Whether Barry was binge drinking in NOLA all this time or simply wandered away from the Convention Center looking for a path out of the cesspool, only to be swept away in fetid flood water or clobbered over the head by thugs, we still don't know, but the Cowsills have promised to tell the whole story to their fans after they themselves get some answers. There isn't going to be a memorial, per Barry's wishes. He just wants everyone to party. You gotta love him!

What is a wharf, anyway? I know what a pier is, like Navy Pier in Chicago, and I can't imagine a body laying on Navy Pier for four months without some tourist becoming curious. If someone could tell me what the hell a wharf is, I'd appreciate it.
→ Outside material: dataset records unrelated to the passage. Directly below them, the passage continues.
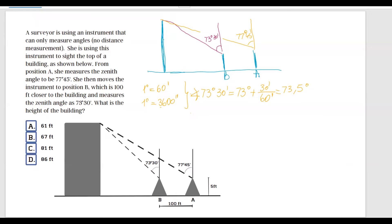Going to the next angle: 77 degrees and 45 minutes. This is going to be equal to 77 degrees plus 45 minutes divided by 60. Use your calculators — you should get 77.75 degrees.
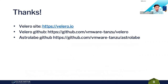Thanks for listening. You can join us at the Velero site — Velero is an open source project on GitHub. Astrolabe is currently under construction but is also available on GitHub. Thank you very much.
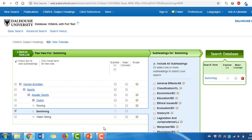Located beside the explode function is the major concept checkbox. This option narrows our results to articles in which our subject heading has been identified as the primary topic. Because our search question deals with multiple concepts, we'll leave the major concept box unchecked.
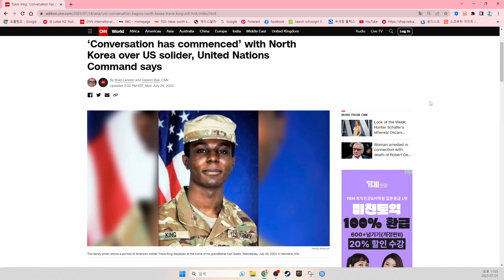Conversation has commenced with North Korea over U.S. soldier, United Nations Command says. This family photo shows the portrait of American soldier Travis King displayed at the home of his grandfather Carl Gates.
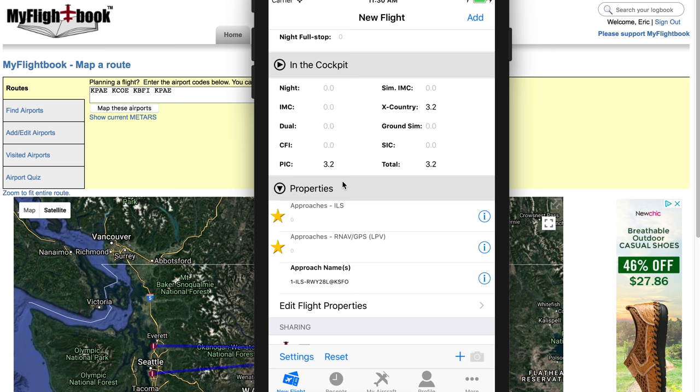So I hope that this is useful in helping you understand how to enter or edit flights on MyFlightBook. Thank you very much.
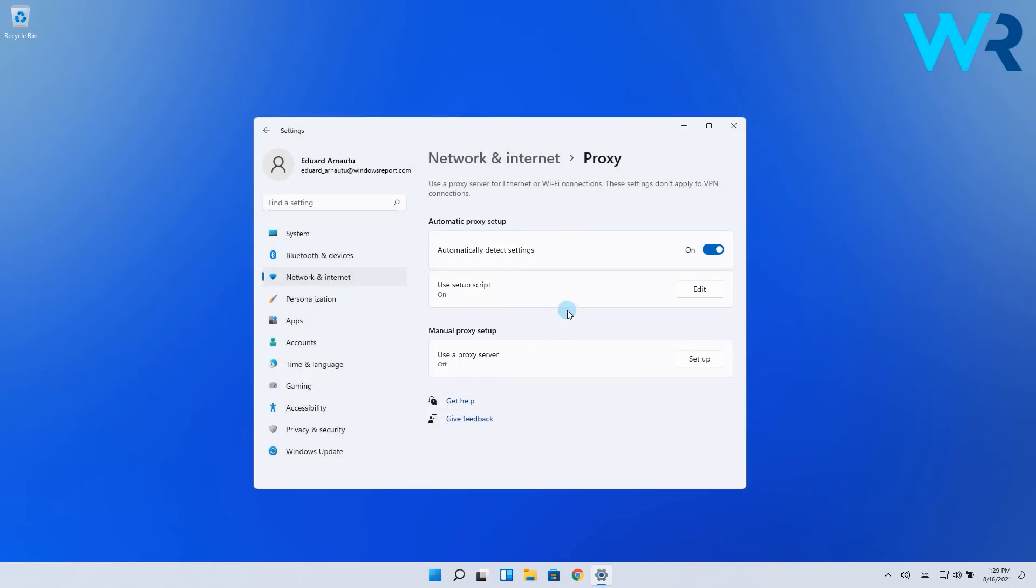At the same time, you can also set up a proxy manually in Windows 11. Go back to that same proxy settings window and you'll see you have an option called manual proxy setup.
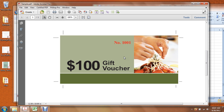For variable jobs we require three types of files and we are going to go through them here. We are looking at the simplest of variable jobs which is a ticket or numbering job. The other very common type of variable job is where you are putting an address or mailing label on the piece.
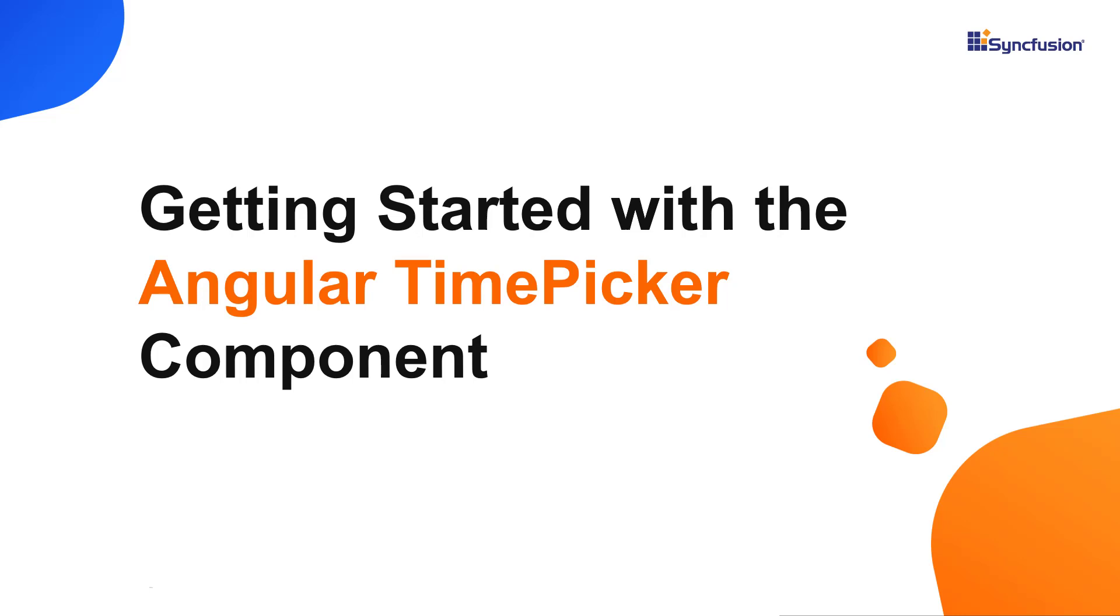Hi everyone, welcome to this video tutorial on how to create and configure the Syncfusion Angular Time Picker using the Angular CLI tool and Syncfusion EJ2 Angular Calendars package.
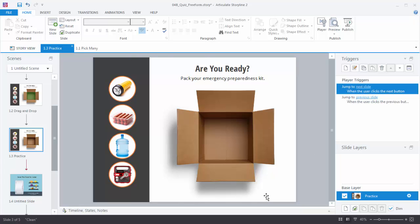We'll start with this drag and drop interaction that we reviewed in an earlier tutorial. Right now we have a slide with some objects on it — four pictures here and a picture here. What we want to do is convert this so that these are draggable objects that we can place in the box. Before we do the conversion let's do a few things. First let's review what we have over here on the slide layers — right now we can see we just have our base layer and no other layers. And if we look at the triggers we have the default previous and next button triggers.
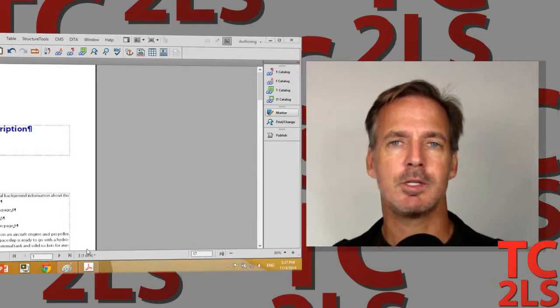Hey there, it's Matt at TechCom Tools. I did a webinar for Adobe last month showing how easy it was to put rich media into FrameMaker. I wanted to follow up that webinar with a blog post and then this video showing you how easy it really is.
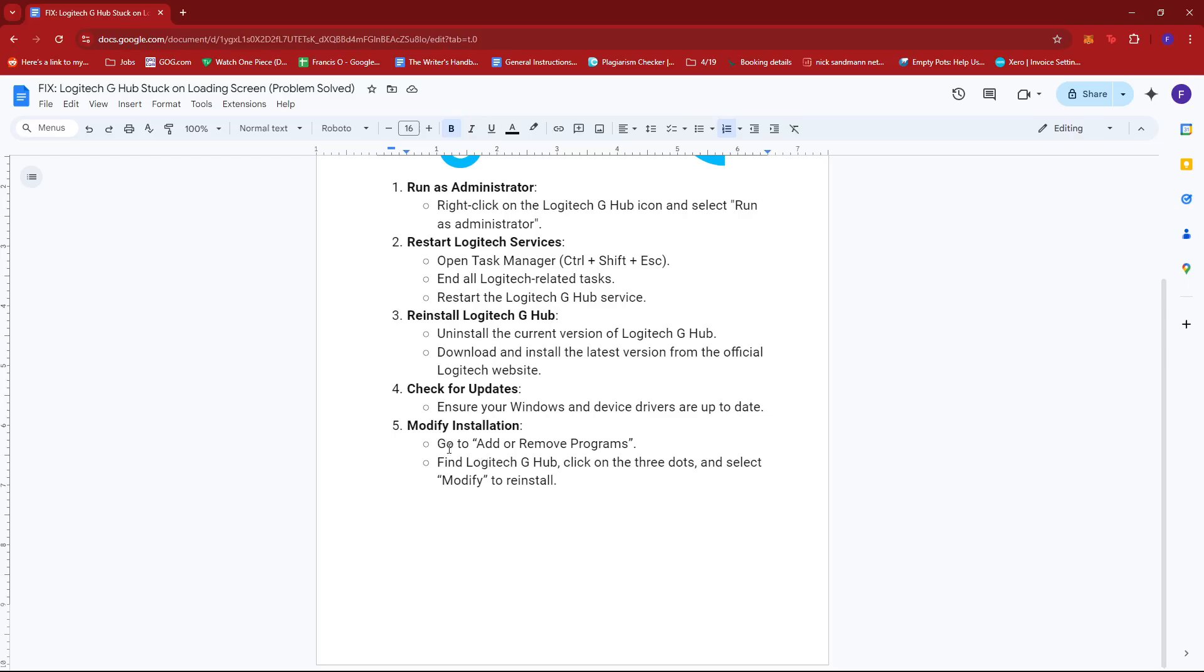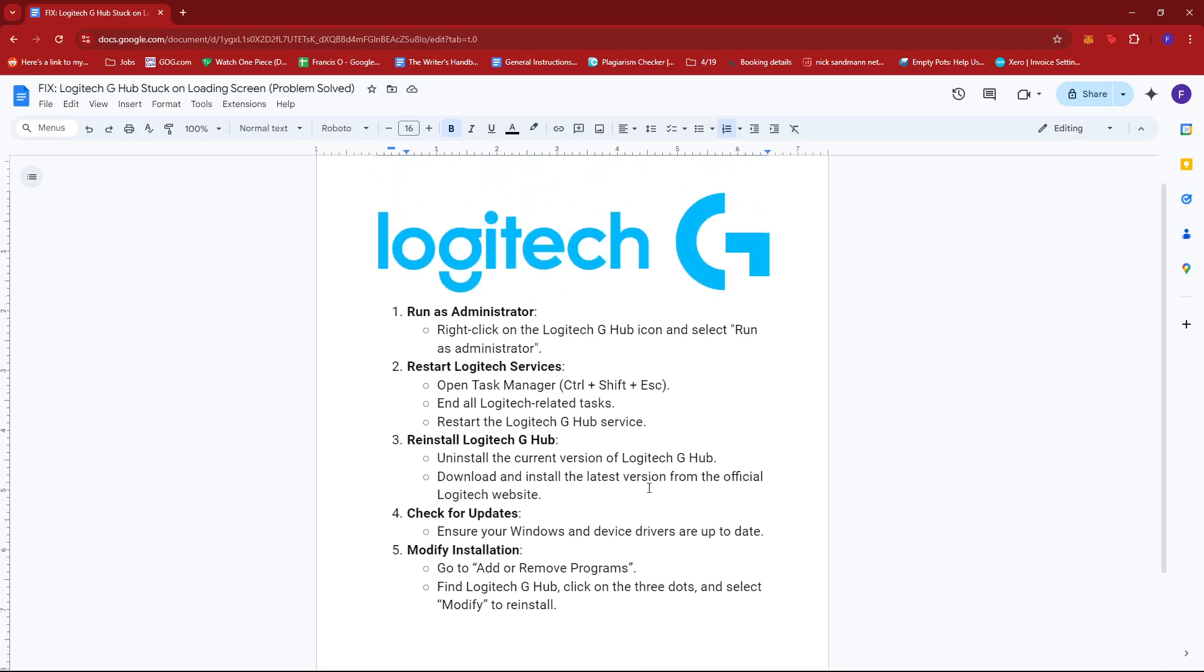Then you can also modify installation. So to do this, head to Add or Remove Programs, then find Logitech G-Hub, click on the three dots, and select modify to reinstall.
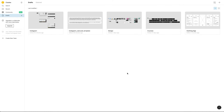Hi everyone, welcome to this new video. Today I'm going to show you exactly how to import a Figma file that you may have downloaded online and you don't really know how to add it in your Figma projects.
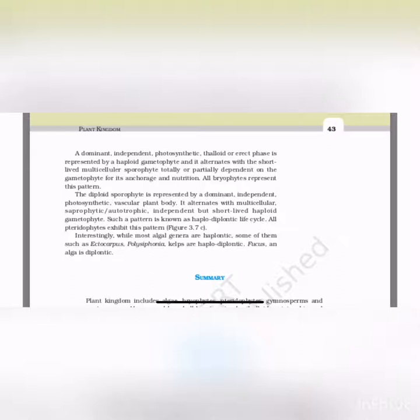This completes the chapter on the plant kingdom. Follow line by line and keep your book beside you. If you start studying this way from day one, then the exam will be very easy. If you like this video, please like it, share it with your friends, and do comment if you have any feedback. Thank you everyone.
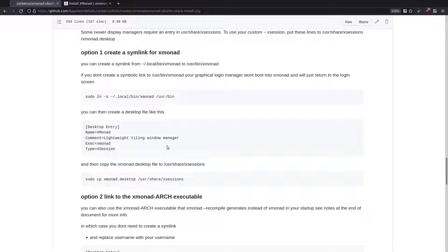One of the xmonad developers mentioned that what they actually do — though it's not mentioned in the install documentation — is put a link to a custom script in their home directory, and in that script they then launch xmonad. That's another option to get it working, but it's not actually documented.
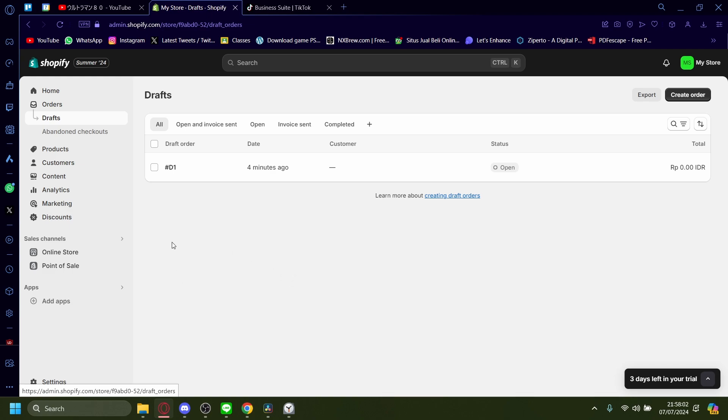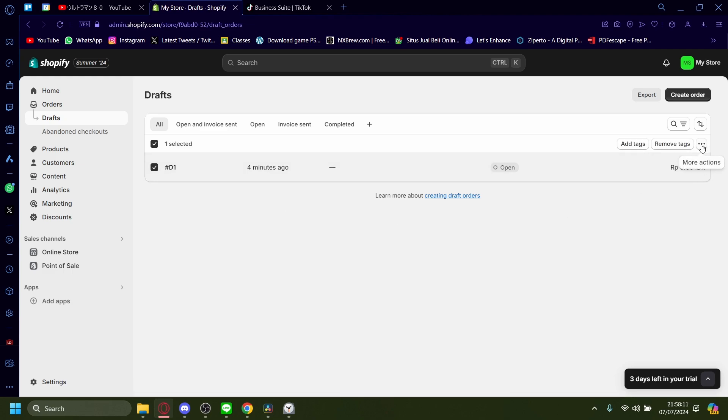For example, I have this order right here called D1. You just want to pick this and then you'd want to click on the three dots up here on More Actions.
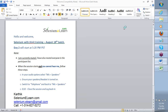Hi team, welcome back to day two of our Selenium with JUnit training. Here's what we're going to do today: we will do a review of what we did on day one, then we will continue on the path of trying to master the art of automation using this open source tool called Selenium.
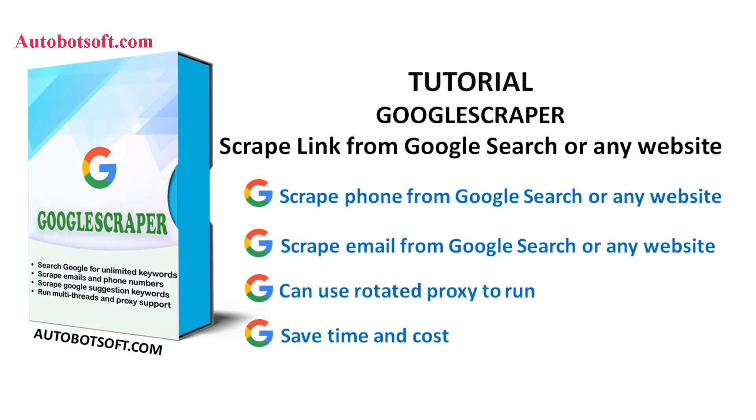Welcome to Autobotsoft.com. Today we are pleased to introduce you to Google Scraper software which can be used to scrape link, phone number, or email from Google search or any other websites automatically.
Now that this story has come to a sensational ending, I hope the Cowsills get some gigs and a documentary on "True Hollywood Story" that they so richly deserve.

Other than that, kids, I'm back on the weed wagon after a holiday weed binge, ready to pee into a cup so I can hopefully become unhappily employed again working some soul-sucking job!

3 Comments:

Anonymous Anonymous said...

Once I figued out that "Ahey, ta da da ick" was "Happy Two Thousand Six" -- I peed my pants laughing...

As always --- life without your PDD, Howard Stern or vodka is meaningless. Thanks.

10:48 PM  
Anonymous Anonymous said...

Ahoy, Land Lubber ~~

A wharf stretches the length of a harbor waterfront with moorings for boats to tie up and dock --to load or unload.

A pier juts out from shore like a man-made peninsula.

A marina is just a boat basin with docks and moorings.